**EXERCISE MATERIALS**:
--

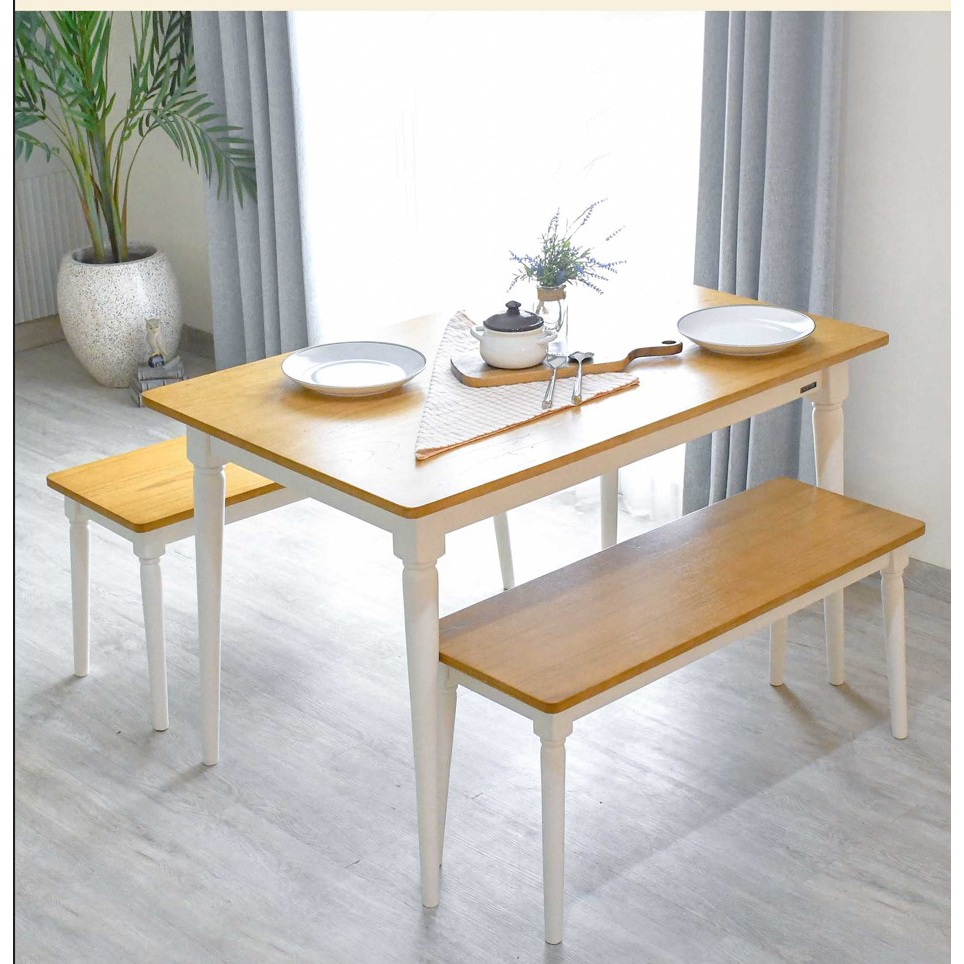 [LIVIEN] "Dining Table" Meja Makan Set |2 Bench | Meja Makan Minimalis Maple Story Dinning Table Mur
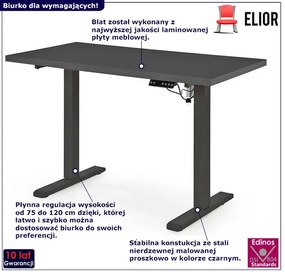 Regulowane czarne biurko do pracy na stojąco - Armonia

--

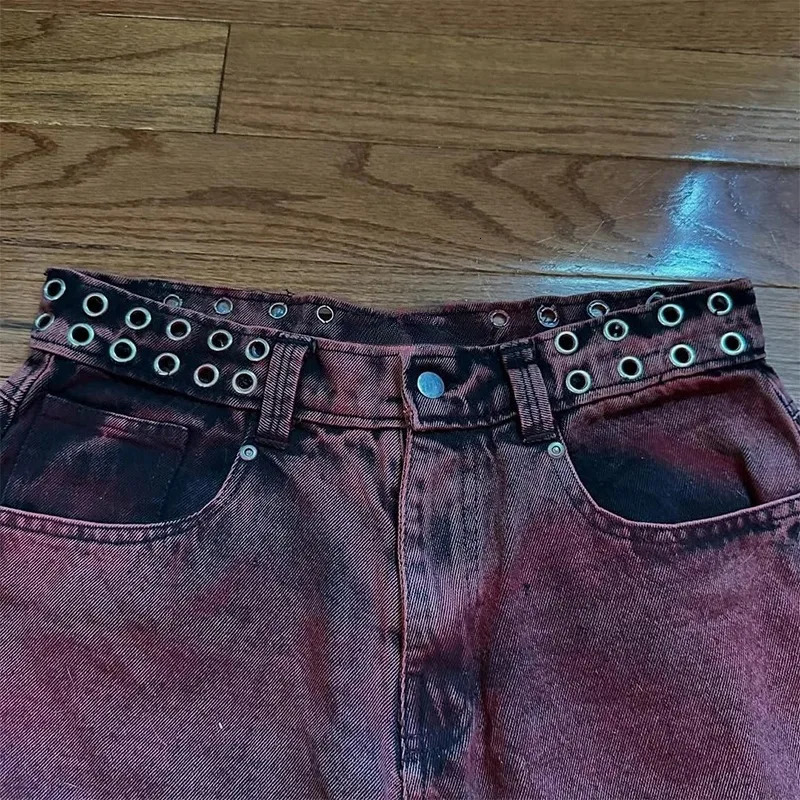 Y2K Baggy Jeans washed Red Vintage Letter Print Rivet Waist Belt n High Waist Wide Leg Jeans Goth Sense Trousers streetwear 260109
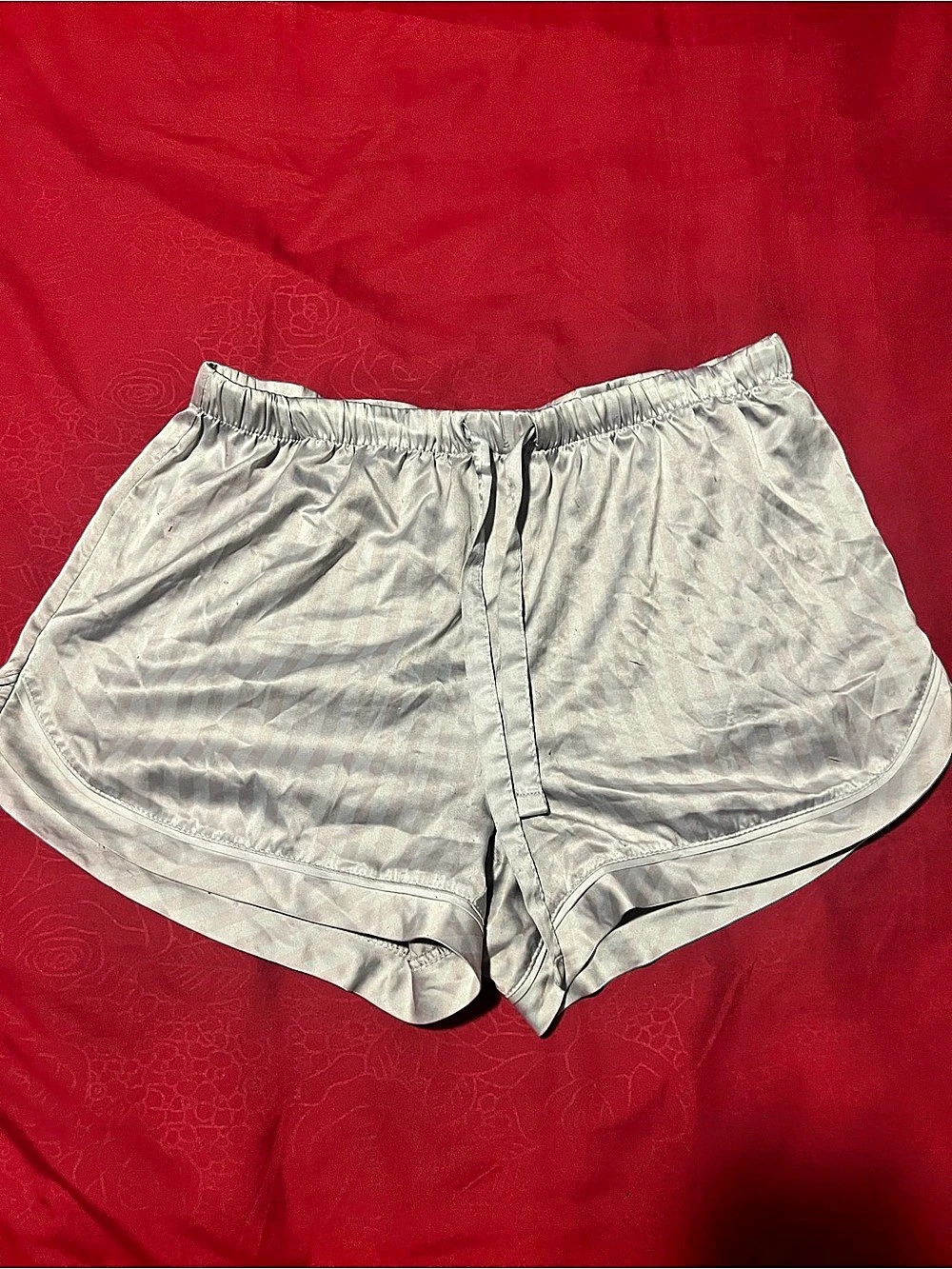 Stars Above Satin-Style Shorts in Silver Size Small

--

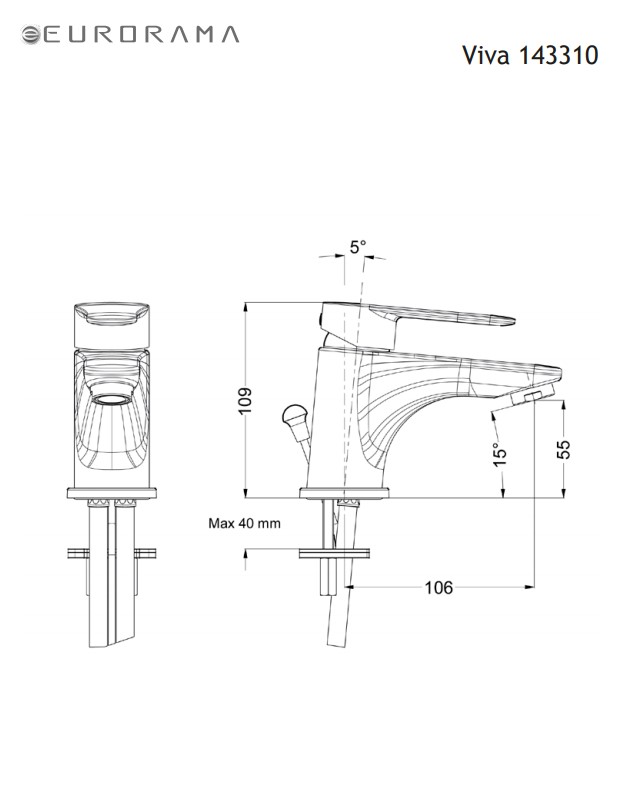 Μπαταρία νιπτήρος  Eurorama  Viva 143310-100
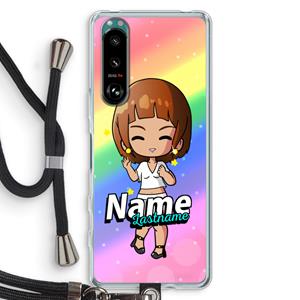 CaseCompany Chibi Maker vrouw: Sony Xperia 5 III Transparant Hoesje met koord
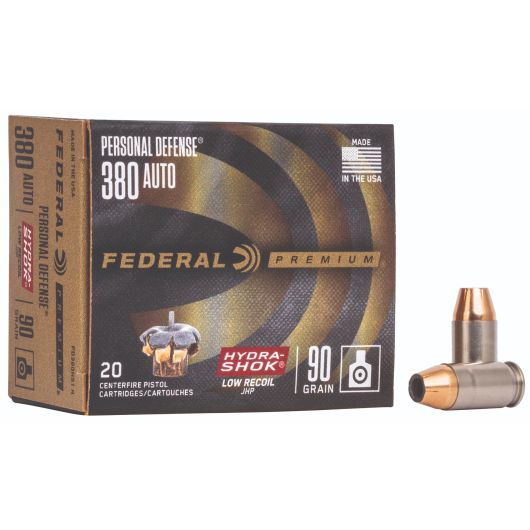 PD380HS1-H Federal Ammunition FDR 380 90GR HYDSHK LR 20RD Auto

--

**PROBLEM TO WORK ON**: Above are some records; quote exactly and only the lines that begin at the line containing "Dinning Table Mur" and stop after the line containing "Regulowane czarne biurko", leaving out the pictures.

**SOLUTION**:
 [LIVIEN] "Dining Table" Meja Makan Set |2 Bench | Meja Makan Minimalis Maple Story Dinning Table Mur
 Regulowane czarne biurko do pracy na stojąco - Armonia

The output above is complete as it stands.